··· Data for this exercise ···
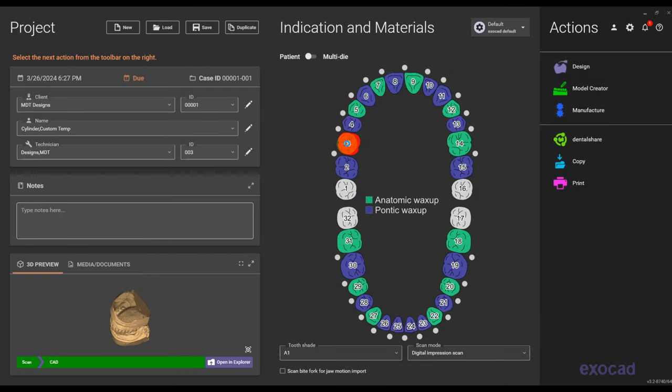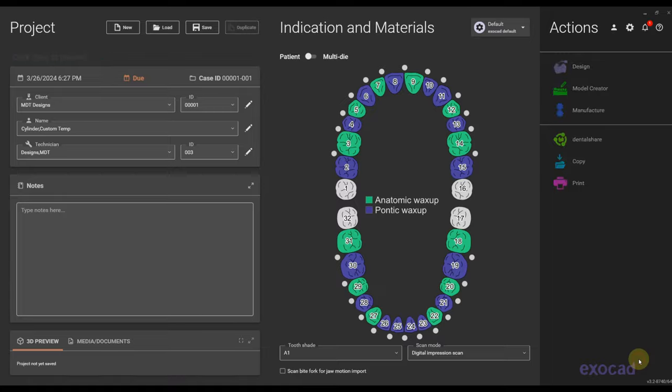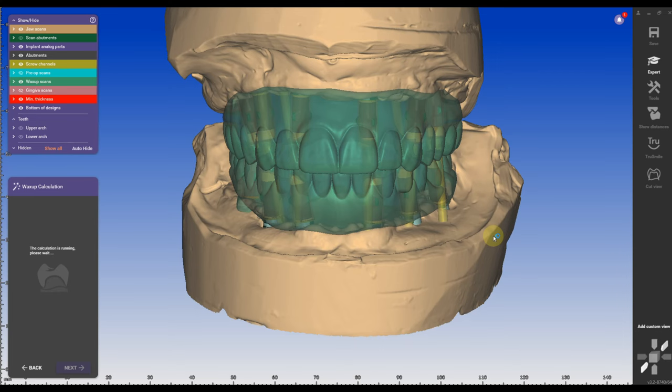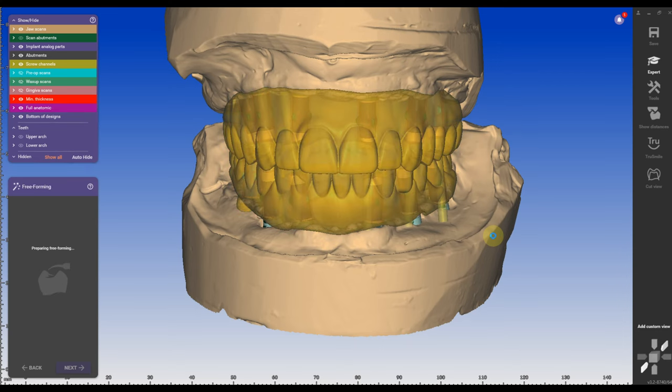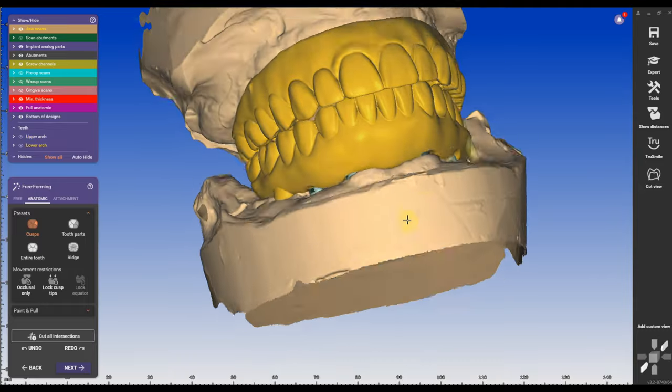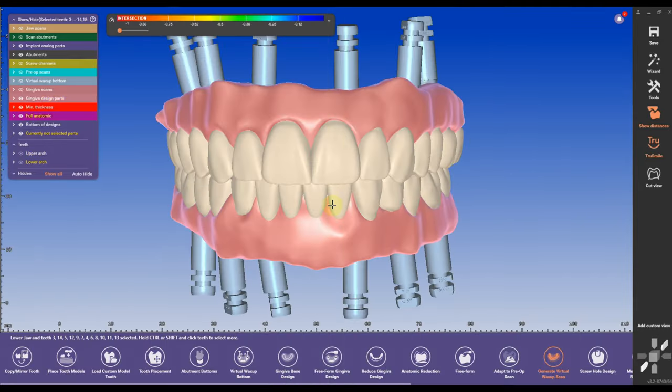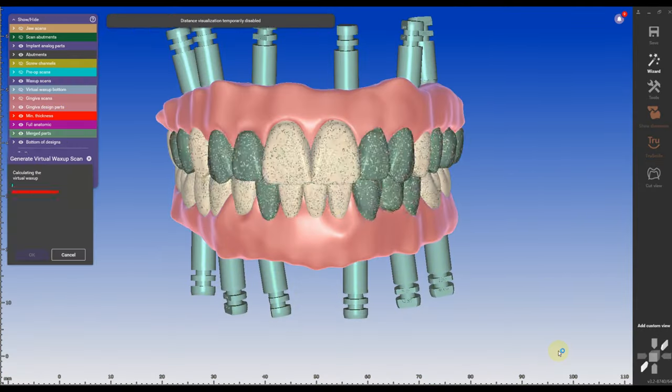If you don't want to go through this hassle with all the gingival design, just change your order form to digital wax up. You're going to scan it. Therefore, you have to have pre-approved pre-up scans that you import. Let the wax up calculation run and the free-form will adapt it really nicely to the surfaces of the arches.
···
··· Data for this exercise ···
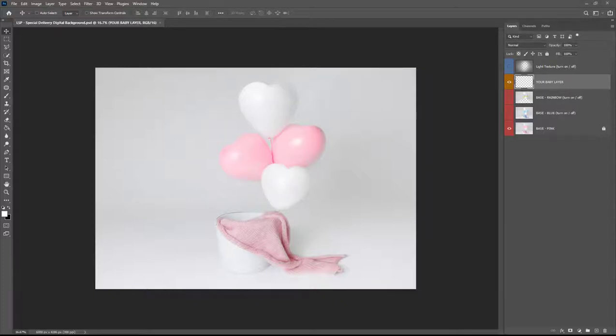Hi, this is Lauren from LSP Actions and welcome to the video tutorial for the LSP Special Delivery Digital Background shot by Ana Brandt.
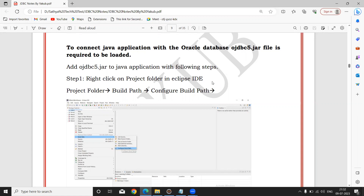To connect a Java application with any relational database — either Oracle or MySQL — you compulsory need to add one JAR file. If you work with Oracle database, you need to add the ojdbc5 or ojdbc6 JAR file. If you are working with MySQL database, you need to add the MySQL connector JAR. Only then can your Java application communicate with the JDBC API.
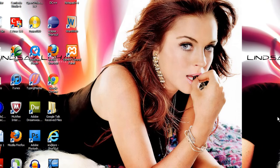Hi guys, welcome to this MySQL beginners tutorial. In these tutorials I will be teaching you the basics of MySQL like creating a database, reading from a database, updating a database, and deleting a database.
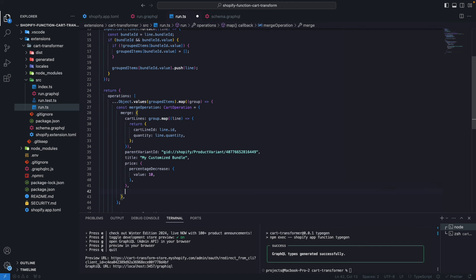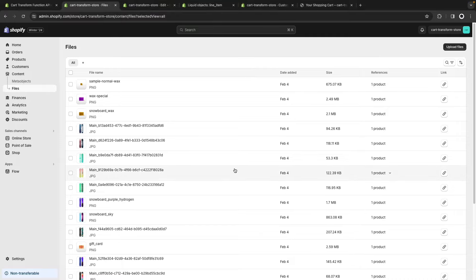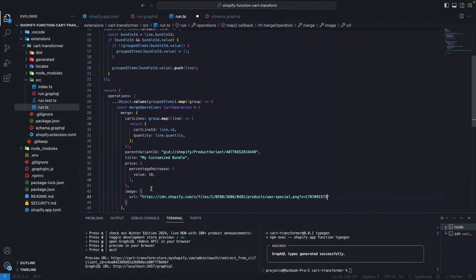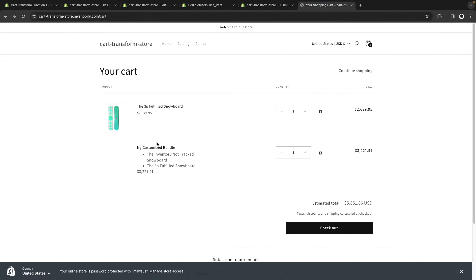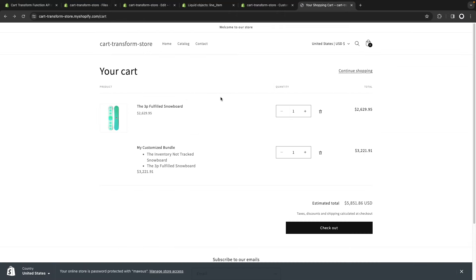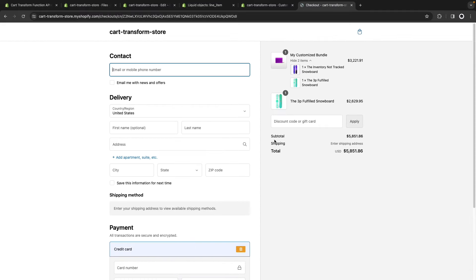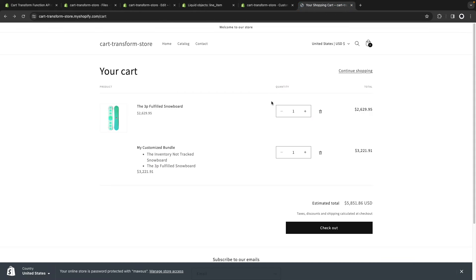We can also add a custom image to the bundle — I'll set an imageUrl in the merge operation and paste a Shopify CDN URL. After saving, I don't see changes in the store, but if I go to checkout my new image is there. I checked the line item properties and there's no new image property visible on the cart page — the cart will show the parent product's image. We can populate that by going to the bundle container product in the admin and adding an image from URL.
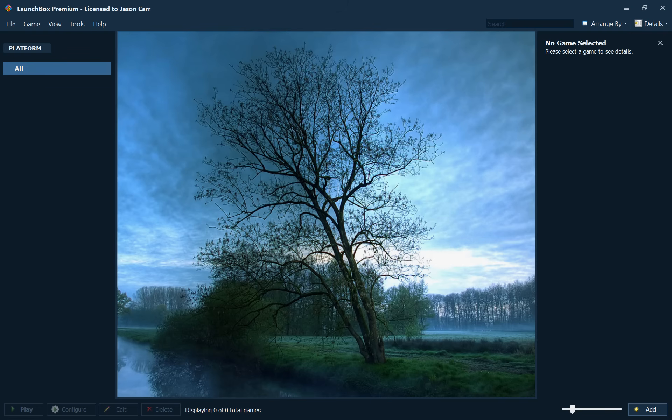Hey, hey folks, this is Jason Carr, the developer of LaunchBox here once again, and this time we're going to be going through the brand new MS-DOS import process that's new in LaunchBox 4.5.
···
··· Data for this exercise ···
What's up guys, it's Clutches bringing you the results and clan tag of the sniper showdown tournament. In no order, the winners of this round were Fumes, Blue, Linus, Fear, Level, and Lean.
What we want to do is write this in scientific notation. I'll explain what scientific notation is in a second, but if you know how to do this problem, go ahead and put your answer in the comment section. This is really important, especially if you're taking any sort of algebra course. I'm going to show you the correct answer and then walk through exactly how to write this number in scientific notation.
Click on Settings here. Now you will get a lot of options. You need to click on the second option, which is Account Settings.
···
# Your task
Write out, word for word, the stretch of entries that begins at the line with "Hi, this is" and ends at the line with "To connect a". Pictures do not belong in it.

# Answer section
Hi, this is Lauren from LSP Actions and welcome to the video tutorial for the LSP Special Delivery Digital Background shot by Ana Brandt.
To connect a Java application with any relational database — either Oracle or MySQL — you compulsory need to add one JAR file. If you work with Oracle database, you need to add the ojdbc5 or ojdbc6 JAR file. If you are working with MySQL database, you need to add the MySQL connector JAR. Only then can your Java application communicate with the JDBC API.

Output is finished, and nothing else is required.